Would you copy exactly the lines in the data below from the one that has "Unicamp - vista" through the one that has "Apartamento mobiliado à", dropping any pictures?

* **DATA SHOWN**
#####

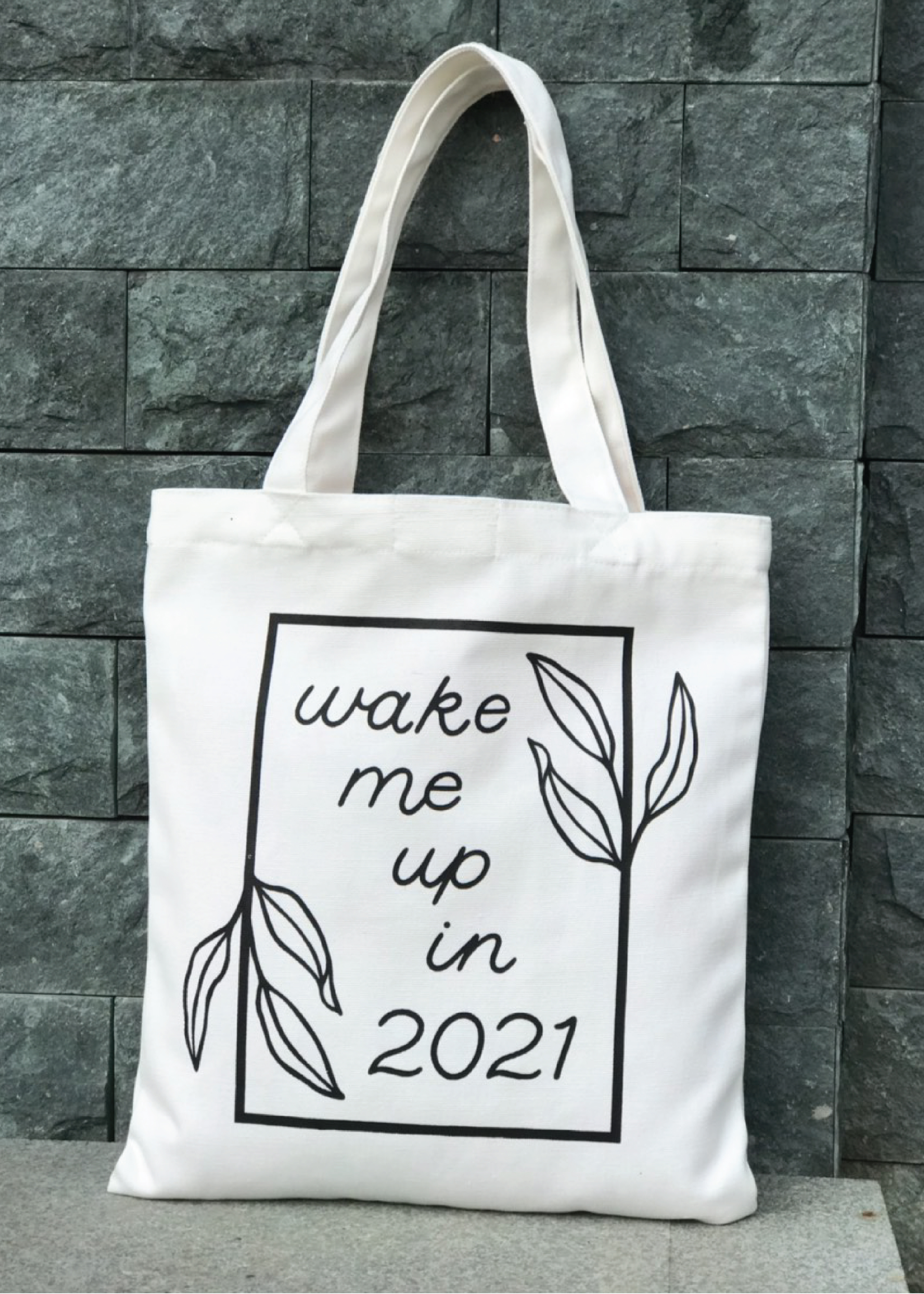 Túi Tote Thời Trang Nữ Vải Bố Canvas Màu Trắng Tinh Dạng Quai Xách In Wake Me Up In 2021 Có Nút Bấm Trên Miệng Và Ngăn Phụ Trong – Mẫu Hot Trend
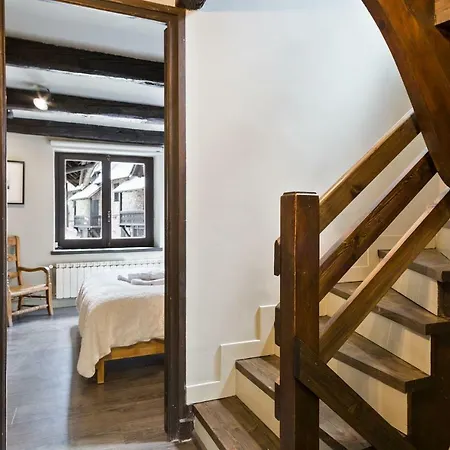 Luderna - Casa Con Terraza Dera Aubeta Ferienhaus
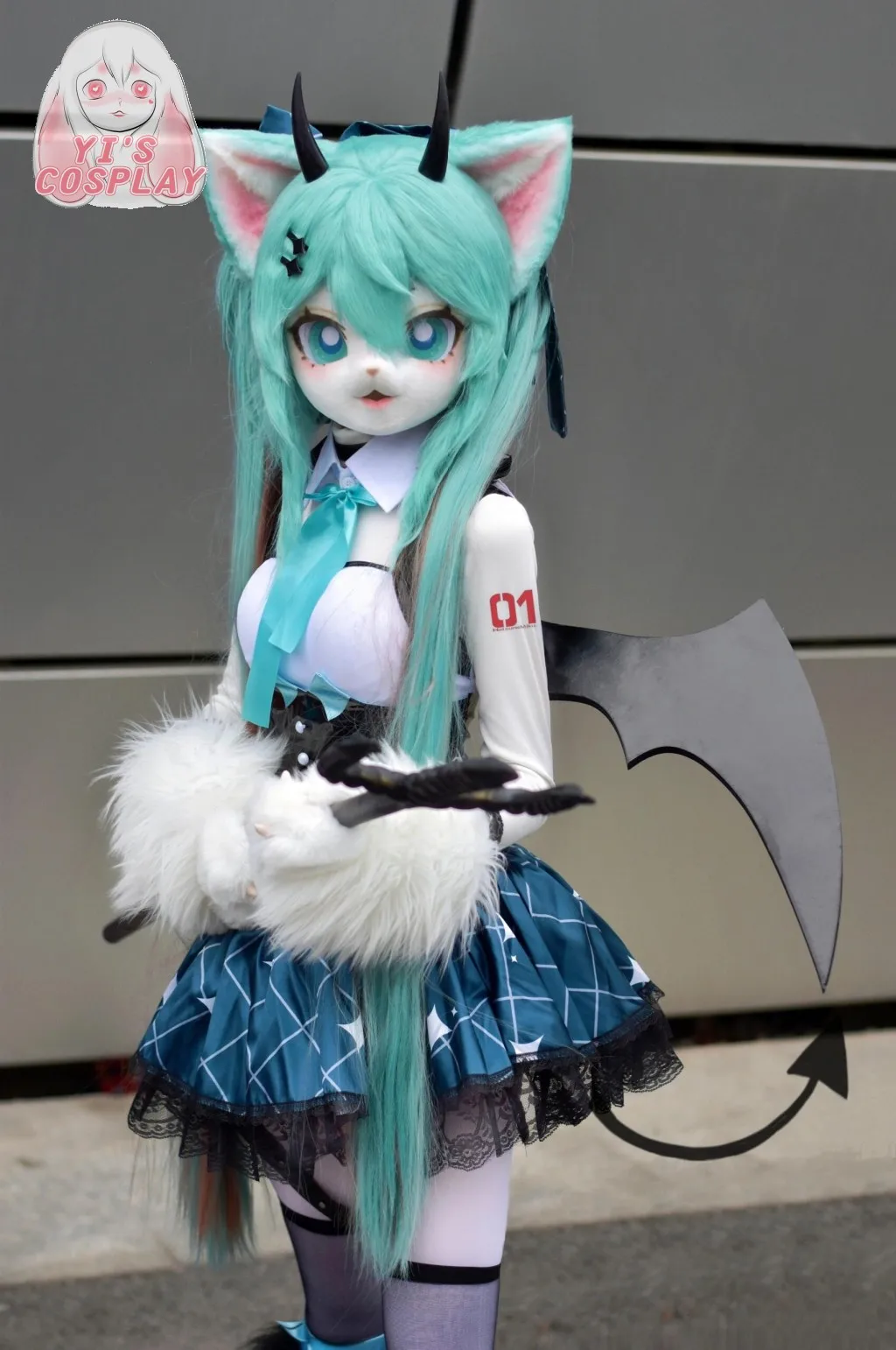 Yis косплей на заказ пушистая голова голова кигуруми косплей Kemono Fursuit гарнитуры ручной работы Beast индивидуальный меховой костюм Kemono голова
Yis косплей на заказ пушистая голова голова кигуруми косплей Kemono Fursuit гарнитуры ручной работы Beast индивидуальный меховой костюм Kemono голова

#####

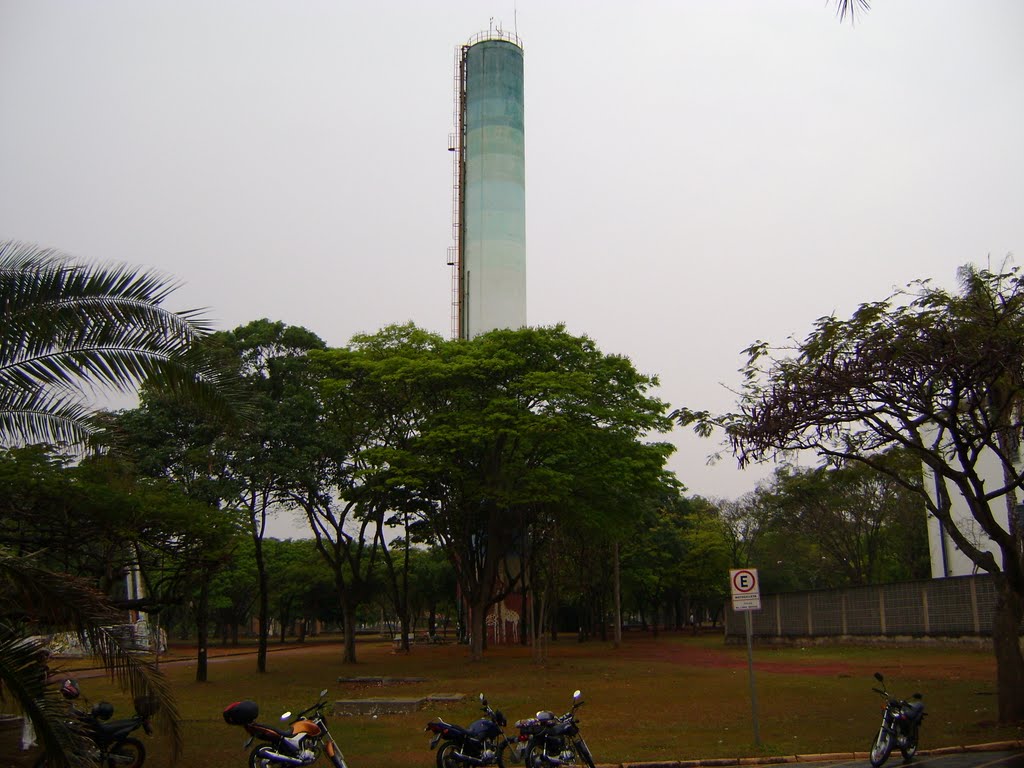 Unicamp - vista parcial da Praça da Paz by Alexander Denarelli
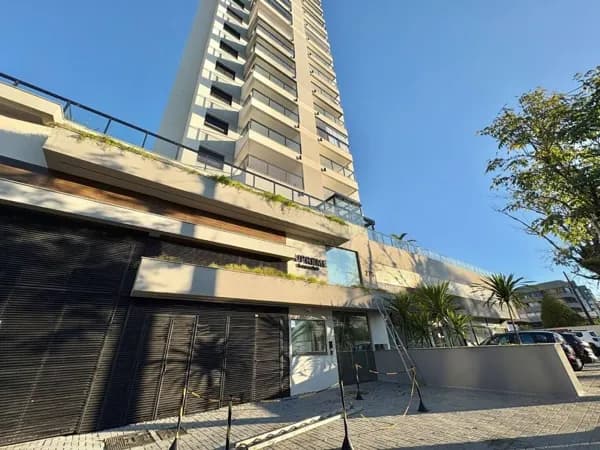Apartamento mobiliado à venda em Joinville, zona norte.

#####

* **ANSWER BOX**
 Unicamp - vista parcial da Praça da Paz by Alexander Denarelli
Apartamento mobiliado à venda em Joinville, zona norte.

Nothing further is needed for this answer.